DEPRECIATION METHODS
 
General methods

Concept and origins. OMB's estimates of depreciation are intended to measure the reduction in value of the federally financed capital stock due to aging, wear and tear, accidental damage, and obsolescence. The estimates were developed starting with the 1985 budget in order to display net investment and, starting several years later, also in order to track trends in the size and composition of the federally financed capital stock. Capital stocks are calculated using the perpetual inventory method, in which each year's stock is calculated as the stock in the previous year, less depreciation, plus new investment.

Current cost versus historical cost depreciation. OMB's measure of depreciation in the illustrative capital budgets is a current cost (or "current replacement cost") measure. It is intended to measure the decline in an asset's value in today's prices. This is in contrast to a historical cost measure, which is based on the prices of the period in which the asset was bought. Under historical cost depreciation, as used in business balance sheets and income statements, the original purchase price of an asset (less salvage value) is allocated over the estimated useful life.

Current cost depreciation is used in order to measure all activities in the budget on a consistent basis. Other outlays and receipts, including gross investment outlays, are recorded on a cash basis and are thus automatically measured in the prices of the current year. Depreciation in a capital budget system needs to be measured in the prices of the current year so that it can be compared to other expenses on an even basis. It also needs to be measured in the prices of the current year so that total receipts and outlays and the deficit are calculated on the basis of the same prices and thus measure the activities of the current year consistently.

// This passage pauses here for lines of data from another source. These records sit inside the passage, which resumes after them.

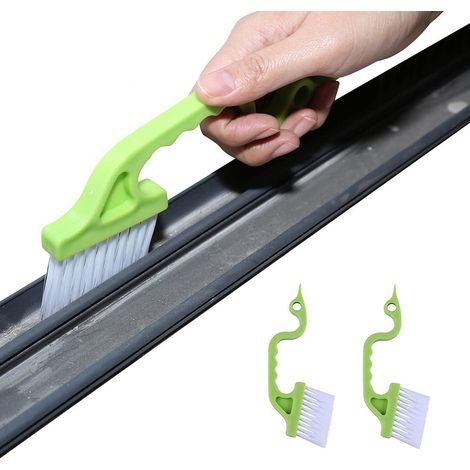 Set aus 2 Handwerkzeugen zur Reinigung von Rillen und Spalten, Reinigungsbürste für Küchentür- und Fensterschienen (grün)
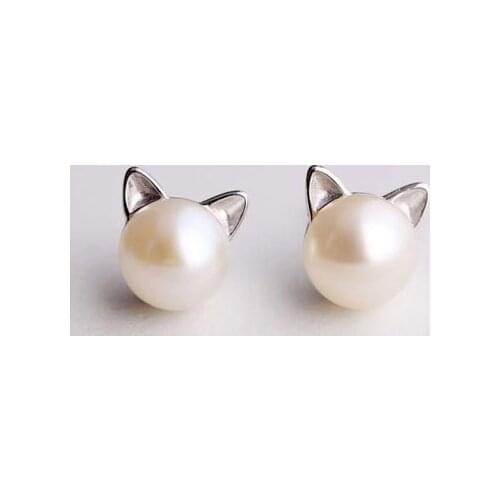 Silver plated Opal Crystal Earring Cute Lovely Cartoon Cat Kitten Sud Earrings For Women Jewelry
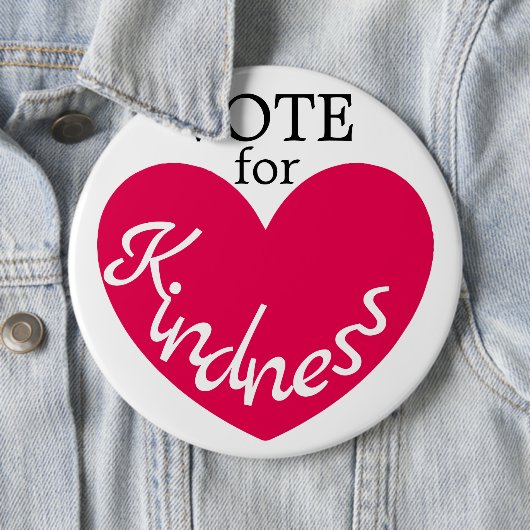 STIMME Niedliches rosafarbenes Herz riesig Button (Beispiel)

Current cost depreciation is also used in order to obtain a valid measure of net investment. This requires that the addition to the capital stock from new purchases and the decline in the capital stock from depreciation on existing assets both be measured in the prices of the same year. If depreciation is measured in this way, a zero net investment roughly indicates that the Government can sustain the current level of services that it provides the public from its capital stock; whereas positive net investment means that the Government is increasing its ability to provide services to the public from its capital stock. By contrast, in a period of inflation, or when inflation has occurred in recent years, historical cost depreciation does not keep pace with the actual cost of replacing capital as it wears out or loses value for other reasons. Net investment measured using historical cost depreciation is overstated in terms of indicating whether and how much the Government's ability to provide services from its capital stock is increasing.

In the tables showing trends in the capital stock, OMB converts its estimates of investment and current cost depreciation into constant dollars (using a base period of fiscal year 1992). This is necessary in order to compare the quantities in different years. If either current cost or historical cost were used for comparisons over time, the measured size of investment and capital in different years would depend on the inflation rate as well as the amounts of real assets.

Methods for types of Federal investment outlays

OMB's general methods are summarized below together with some special issues. More technical details are provided in Analytical Perspectives for the 1999 budget, chapter 6, pp. 148-50, and chapter 2, pp. 36-38.

Physical capital. OMB's depreciation estimates for physical capital are based on the methods used by the Bureau of Economic Analysis (BEA), which estimates public and private physical capital stocks.(1) OMB develops separate estimates because the BEA data are not directly linked to the budget, do not extend to the years covered by the budget, and do not separately identify the capital financed but not owned by the Federal Government.

BEA revised its depreciation methods in 1996 based on further theoretical analysis and empirical research. The largest change came in the use of geometric depreciation rather than straight-line depreciation for most categories of assets. In the geometric method, depreciation each period is estimated as a percentage of the capital stock in the previous period.

The OMB database does not divide investment outlays into categories that are nearly as detailed as those used by BEA. Whereas BEA has 54 categories specifically for Federal equipment and nonresidential structures, OMB employs five categories for Federal purchases: water and power projects, other nondefense construction, nondefense equipment, defense equipment, and defense structures. OMB also employs four categories for grants to State and local governments. OMB's depreciation rates were derived from weighted averages of the rates in the more detailed BEA categories that comprised each broader category used by OMB.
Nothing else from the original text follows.